Top of Given data
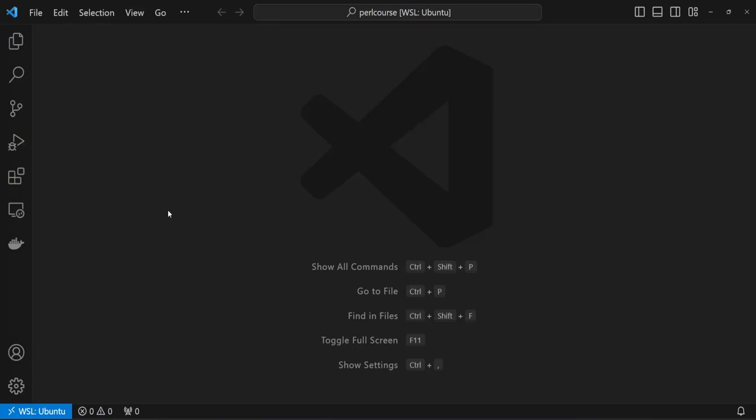In this video, we will explore how we can install the Mouse module to write object-oriented programming code. And from there, we will look at how to create our very first class and instance of that class. Let's get started.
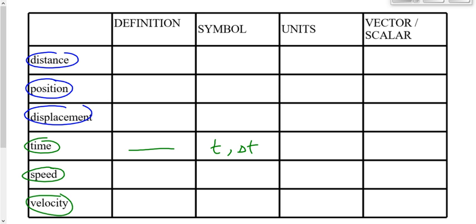The units for time are going to be seconds, and time will always be a scalar for us because there's no direction associated with time. We don't say 38 seconds to the right, or four minutes south. Time is a scalar — it's just a number.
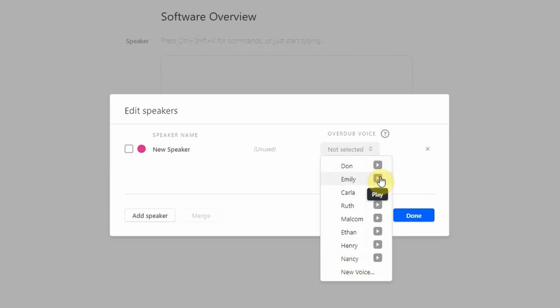To be fair, it sounds pretty human-like to me. What do you guys think? Let me know your thoughts in the comments below.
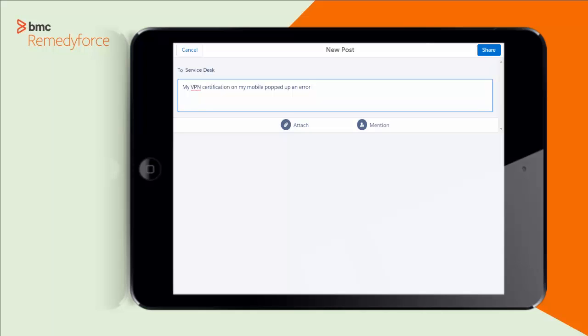So she went ahead and put that in, and she's actually going to hashtag this because now she can go ahead and create a ticket at the same time she's asking for help from her peers. So she's going to go ahead and put in a help tag. She's going to share this.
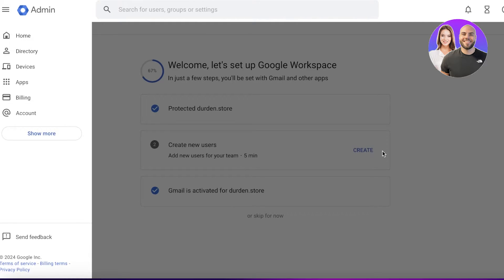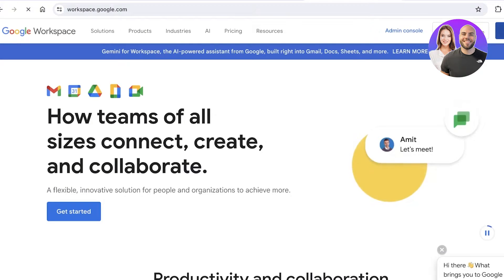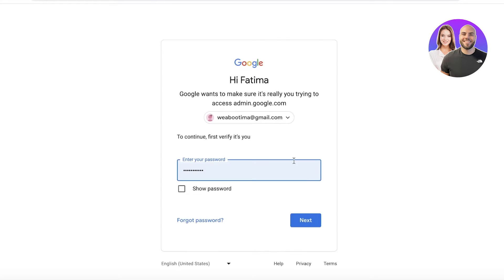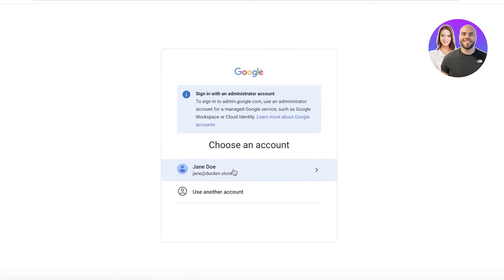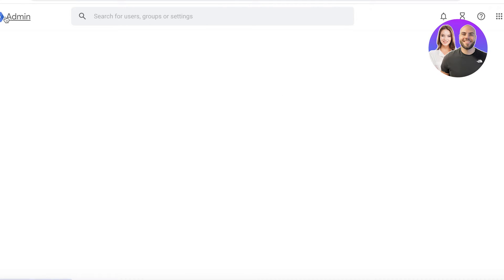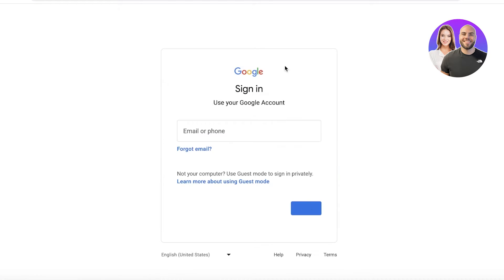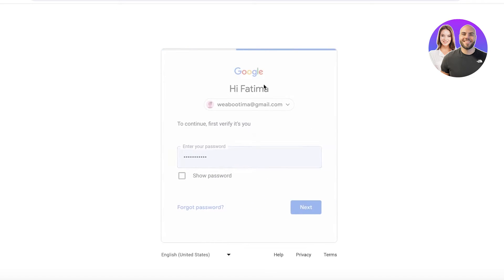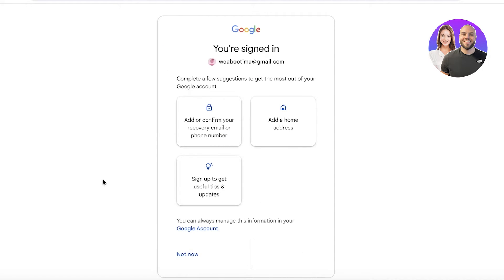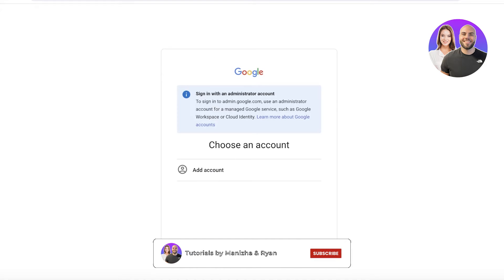Now I'll go into the Google Workspace admin console. We have our basic account set up, and I can create new users if I want. This is your complete Google Workspace setup. You can sign in with your account and also set up your privacy and security settings confirmation.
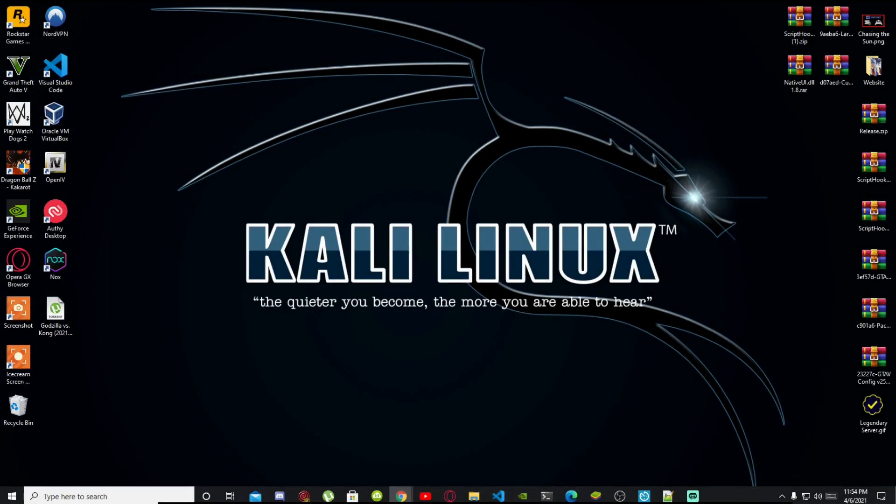Welcome everybody, this is your boy Gerardo Mataro and we are here with another video. Like always, if you like this video smash that like button, and if you're new here subscribe for more gaming content.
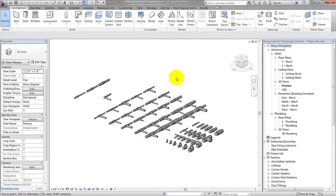In order to use the Lubrizol system and component families in our current project, we need to copy and paste them between the two projects or transfer project standards in the Manage tab. With this demo, I will be copying and pasting them.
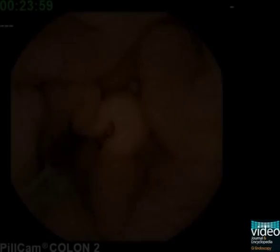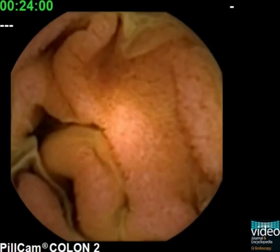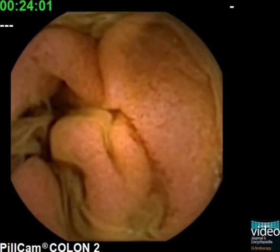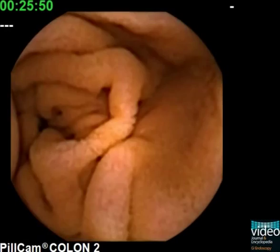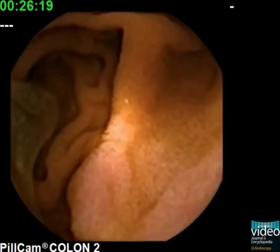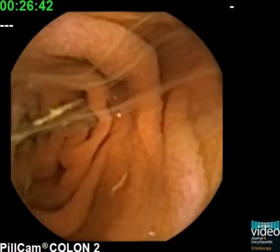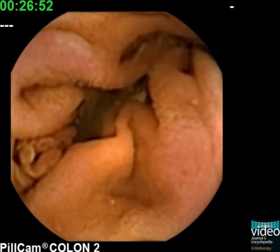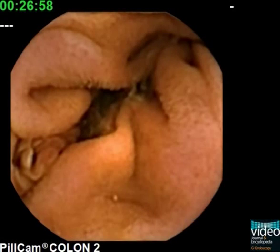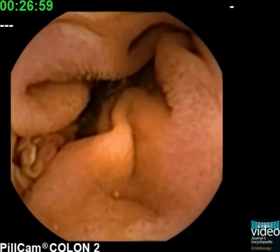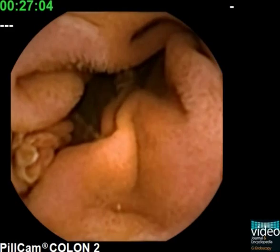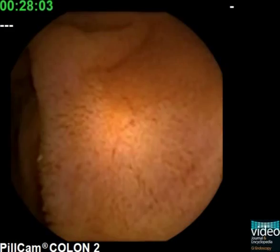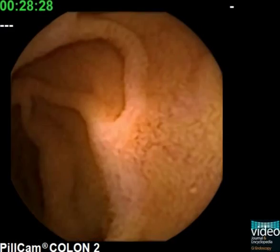A colon capsule endoscope may offer the advantage of two camera heads, and the papilla of Vater is routinely detected by one of the two cameras. It may be seen at 8 o'clock in this colon capsule video, with opening and closing of the biliary orifice at the papilla.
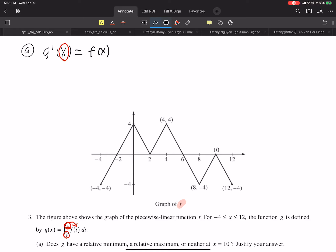We want to know what g prime at 10 is — it better be zero or undefined, otherwise there's no critical point and therefore no relative max or min. So we find f at 10, and looking at the graph, f of 10 is zero. First step complete.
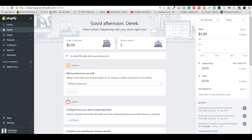Hey guys, let's see how to paste the code — the script that we built for App Automatic Discount. If you still struggle with something, just paste it where I'm going to show you and you should be a hundred percent fine.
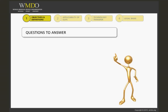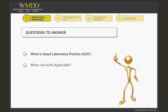I hope that one outcome of this presentation will be that you, the participant, can answer these questions: What is good laboratory practice, GLP? When and why are GLPs required or appropriate?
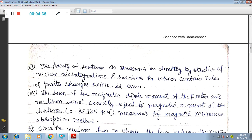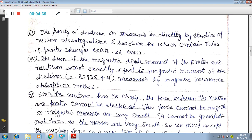Property four: the parity of the deuteron, as measured indirectly by studies of nuclear disintegrations and reactions for which certain rules of parity changes exist, is found to be even. Property five: the sum of the magnetic dipole moment of the proton, 2.79275 μN, and the neutron, −1.91315 μN, does not exactly equal the measured magnetic moment of the deuteron, which is 0.85735 μN, as determined by magnetic resonance absorption.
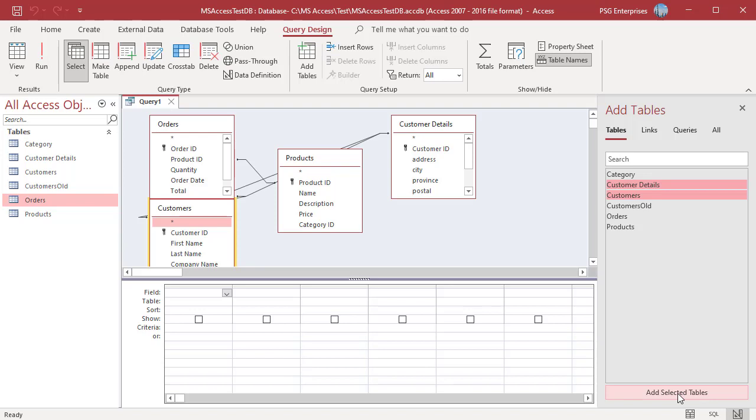To remove a table from the Query Designer, right-click on the table and select Remove Table from the shortcut menu.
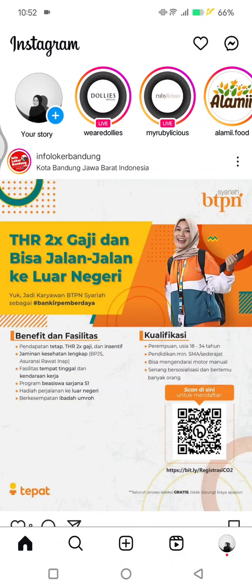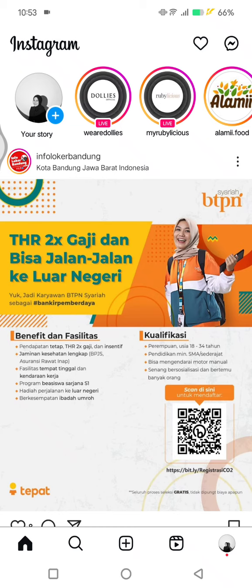Hi guys, welcome back. On today's tutorial I'm going to show you how you can turn off likes on Instagram. If you want to hide your likes count so that you don't want anyone to find out how many accounts liked your post, this is how you are going to do it.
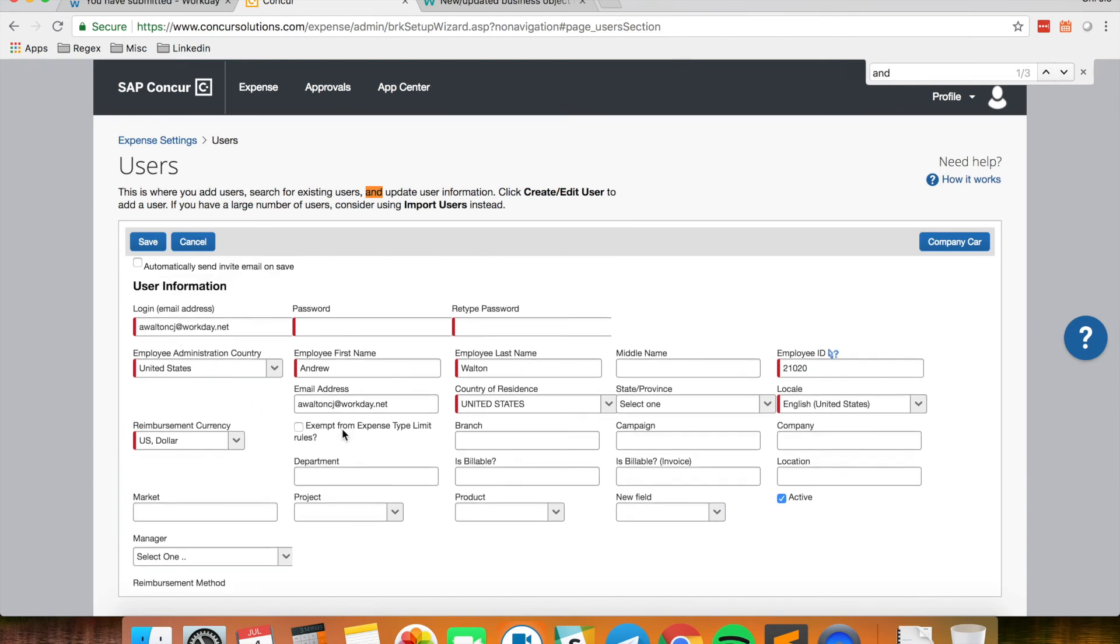So a couple of fields that I mapped over are things like his email address, his first name, and his last name.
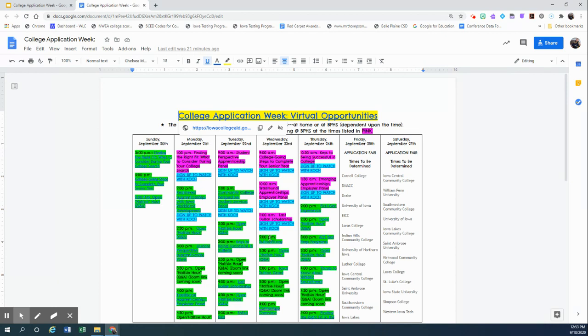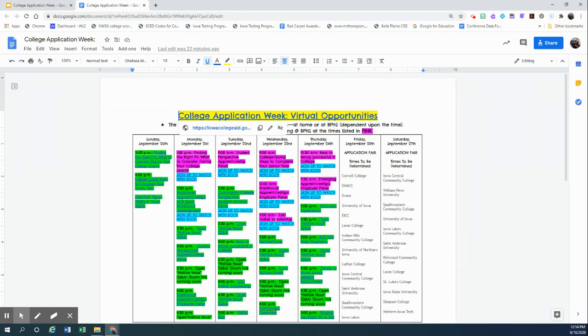One of the ones I want to highlight is the Last Dollar Scholarship that will be aired at 11 o'clock on Wednesday of next week. Those are the programs that are 100% tuition paid for next year in the state of Iowa. And anytime you hear the words free tuition, it should pique your interest. And we would love for you to join that session.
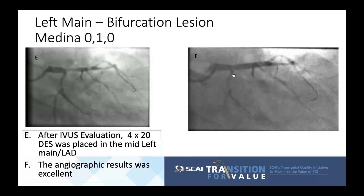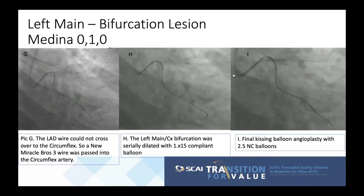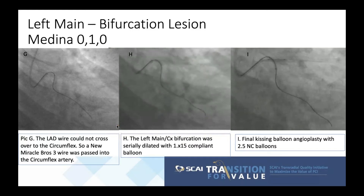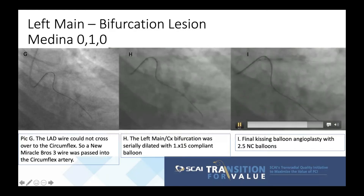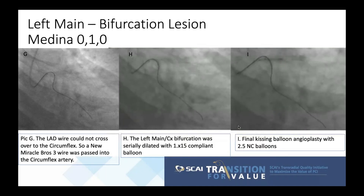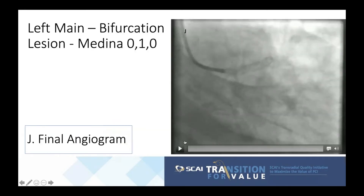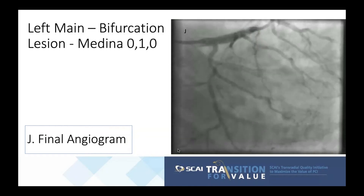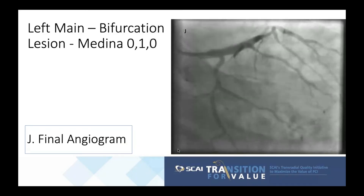The plan was to re-cross into the circumflex and perform a final kissing balloon. Unfortunately, crossing was not easy initially and a wire swap did not work. A Miracle Bros 3g wire was passed into the circumflex, the left main stent was serially dilated with a 1.0 by 15 balloon, followed by final simultaneous kissing balloon angioplasty with 2.5 NC balloons, yielding excellent expansion of the left main stent with no compromise of the circumflex branch.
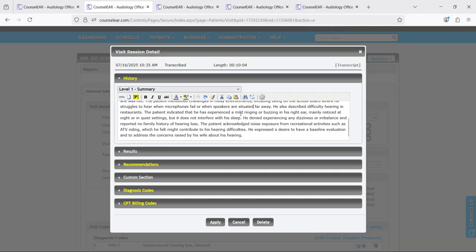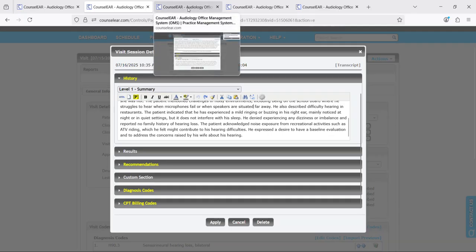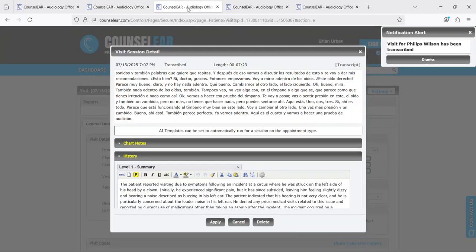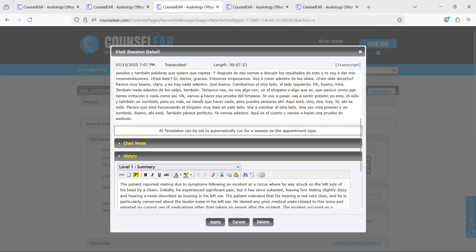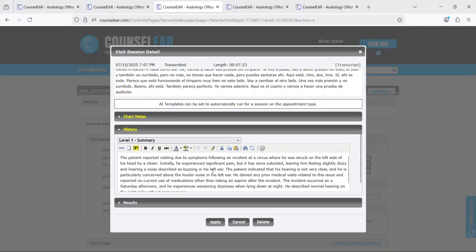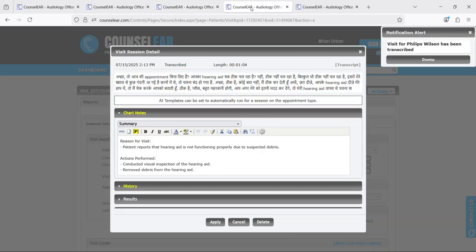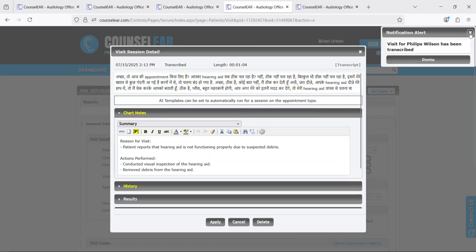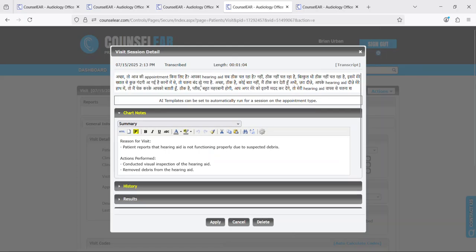Now it's important to note that this system is also multilingual. So it gives you the ability to record sessions, to have sessions in different languages and have it then render the results in English. So here's an example where the session was in Spanish and then the AI generated text is in English.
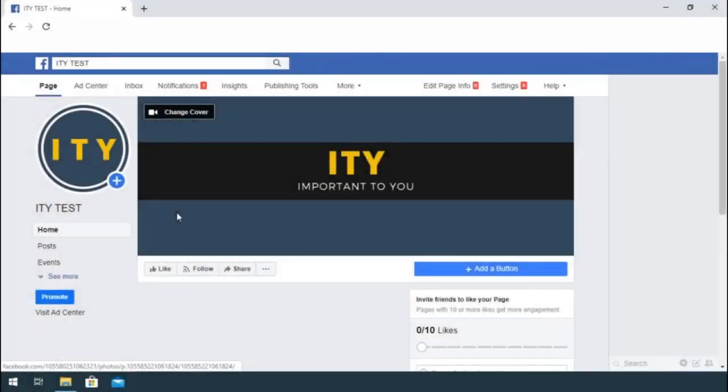In this video, I will show you how to connect your Instagram account to Facebook page.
Bottom of Given data
When you reach the line with "In order to" in the records above, start writing out each line exactly, and stop after the line with "I hope that". Pictures stay out.

▶ Result of this task
In order to use the Lubrizol system and component families in our current project, we need to copy and paste them between the two projects or transfer project standards in the Manage tab. With this demo, I will be copying and pasting them.
A colon capsule endoscope may offer the advantage of two camera heads, and the papilla of Vater is routinely detected by one of the two cameras. It may be seen at 8 o'clock in this colon capsule video, with opening and closing of the biliary orifice at the papilla.
We want to know what g prime at 10 is — it better be zero or undefined, otherwise there's no critical point and therefore no relative max or min. So we find f at 10, and looking at the graph, f of 10 is zero. First step complete.
Hey guys, let's see how to paste the code — the script that we built for App Automatic Discount. If you still struggle with something, just paste it where I'm going to show you and you should be a hundred percent fine.
I hope that one outcome of this presentation will be that you, the participant, can answer these questions: What is good laboratory practice, GLP? When and why are GLPs required or appropriate?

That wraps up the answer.